WORK TASK: Copy nothing from the entries below except the lines from the one containing "Evie Coverd Buttons" through the one containing "Versailles : carte", and copy those exactly.

RECORDS SUPPLIED:
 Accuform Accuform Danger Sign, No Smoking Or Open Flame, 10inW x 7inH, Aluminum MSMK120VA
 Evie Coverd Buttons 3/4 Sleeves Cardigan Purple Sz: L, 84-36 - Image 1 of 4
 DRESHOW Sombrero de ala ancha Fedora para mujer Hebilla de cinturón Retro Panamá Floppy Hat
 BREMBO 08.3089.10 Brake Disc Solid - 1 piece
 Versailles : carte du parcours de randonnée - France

---

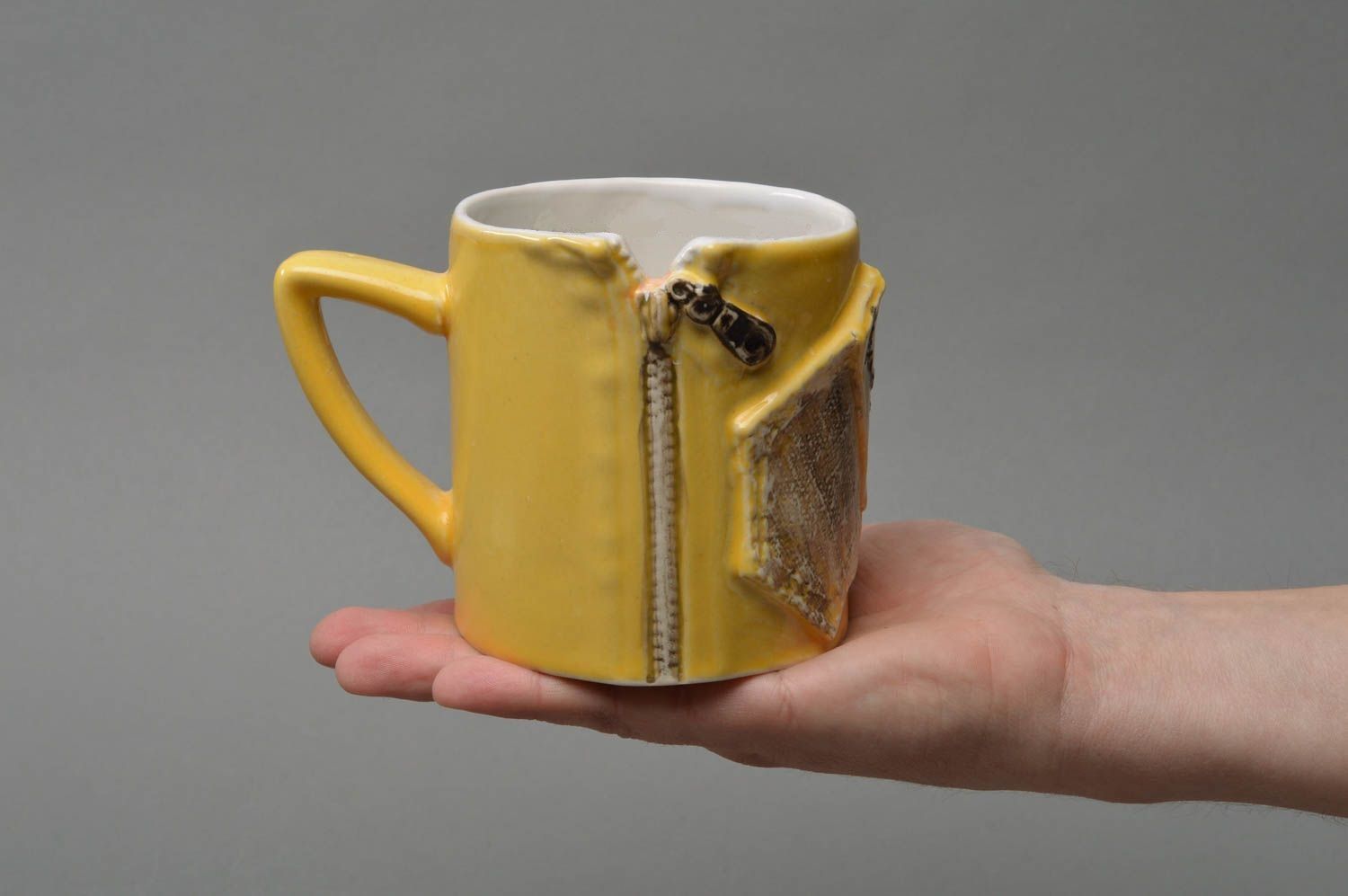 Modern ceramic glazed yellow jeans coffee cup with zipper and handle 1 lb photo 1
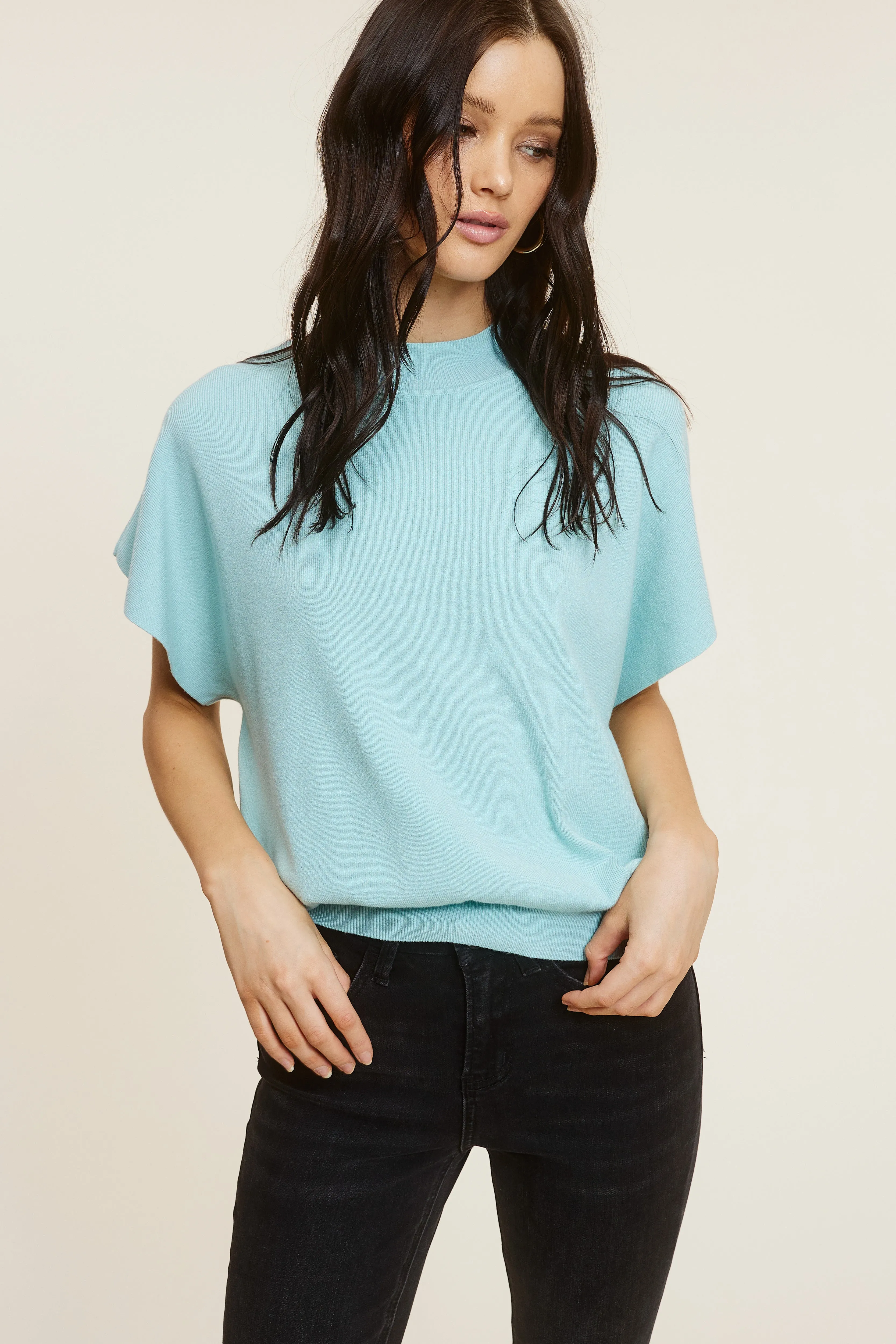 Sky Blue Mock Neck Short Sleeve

WRITTEN REPLY:
 Evie Coverd Buttons 3/4 Sleeves Cardigan Purple Sz: L, 84-36 - Image 1 of 4
 DRESHOW Sombrero de ala ancha Fedora para mujer Hebilla de cinturón Retro Panamá Floppy Hat
 BREMBO 08.3089.10 Brake Disc Solid - 1 piece
 Versailles : carte du parcours de randonnée - France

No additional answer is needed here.